I have chip-seq triplicate (3 treatment, 3 controls, each of the 6 with their input control). I have identified the peaks using macs14 for each sample and its input control. Than I performed differential binding analysis using diffBind. It produced a set of (merged) peaks (peak consensus). Now I would like to proceed with the motif discovery using meme-chip or rsat.
What is methodically most sound way to go for motif discovery from the merged peaks/peak consensus?

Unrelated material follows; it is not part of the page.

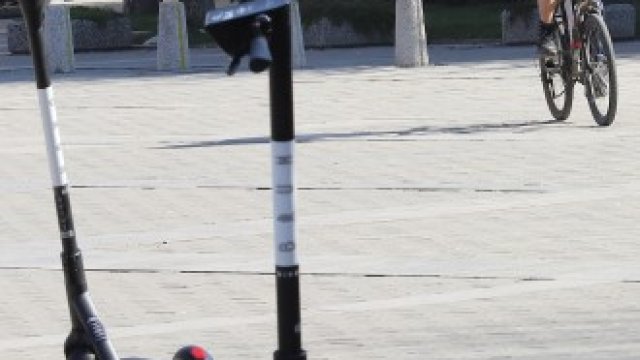 <p>
	<em>Снимка: Гергана Костадинова, БГНЕС</em></p>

AFAIK meme-chip/rsat expect relatively narrow summit sequences whereas diffBind merges peaks and so produces longer peak sequences. Shall I de-merge the consensus peaks? Or merge all treatment samples into a single sample and define the peaks from it? My uncertainty stems from the fact that motif discovery tools seem to expect a single sample, rather than a set of replicates each introducing some noise and variation in the peak location (and some lacking some of the peaks altogether).
I think you may need to consider what you know or assume about the protein first. Do you know/assume the protein you ChIP'd binds DNA directly, and if so, do you think it binds a specific motif, rather than say a more nebulus stretch of DNA enriched for some nucleotide (CpG for example) that isn't a motif per se? If the protein binds DNA directly, and binds specific motif, it will either be bound or unbound in various replicates. If it binds another factor, isn't constrained by a particular motif, or is mobile (could bind to a nucleosome, for example) you could expect differences among conditions to be manifest in both bound vs unbound as well as where the protein is bound. I think, if you assume the protein binds a specific motif, and is constrained by this motif, than it may not matter how you find the motif, your methodology may only alter how many motifs are discovered. The motif should exist in the data from the individual replicates, as well as the merged peaks, because it is the motif after all that is directing binding. However, if the protein can be expected to shift positions within a particular underlying window, than the intersection of the merged peaks may well represent the DNA between two bound locations that isn't itself actually bound, if that makes sense?
Have you checked Irreproducibility Discovery Rate (IDR)?
Thanks, I did - but this is not what I asked. I used DiffBind precisely in order to take care of the variation (i.e. in lieu of IDR). What I asked is: I have peaks that have been reproduced - i.e. overlap in multiple samples. Yet they are not absolutely identical - consensus peaks are built from the overlapping peaks which are, essentially, the UNION of the overlapping peaks. So the question is: Shall I search for a motif using the consensus peaks (i.e. in the UNION of the overlapping peaks) or in their INTERSECTION? Or shall I, perhaps, split the consensus peaks into its constituent peaks? Submitting the consensus or the intersection is the least hassle-free solution but I wonder what would be the most methodically sound solution.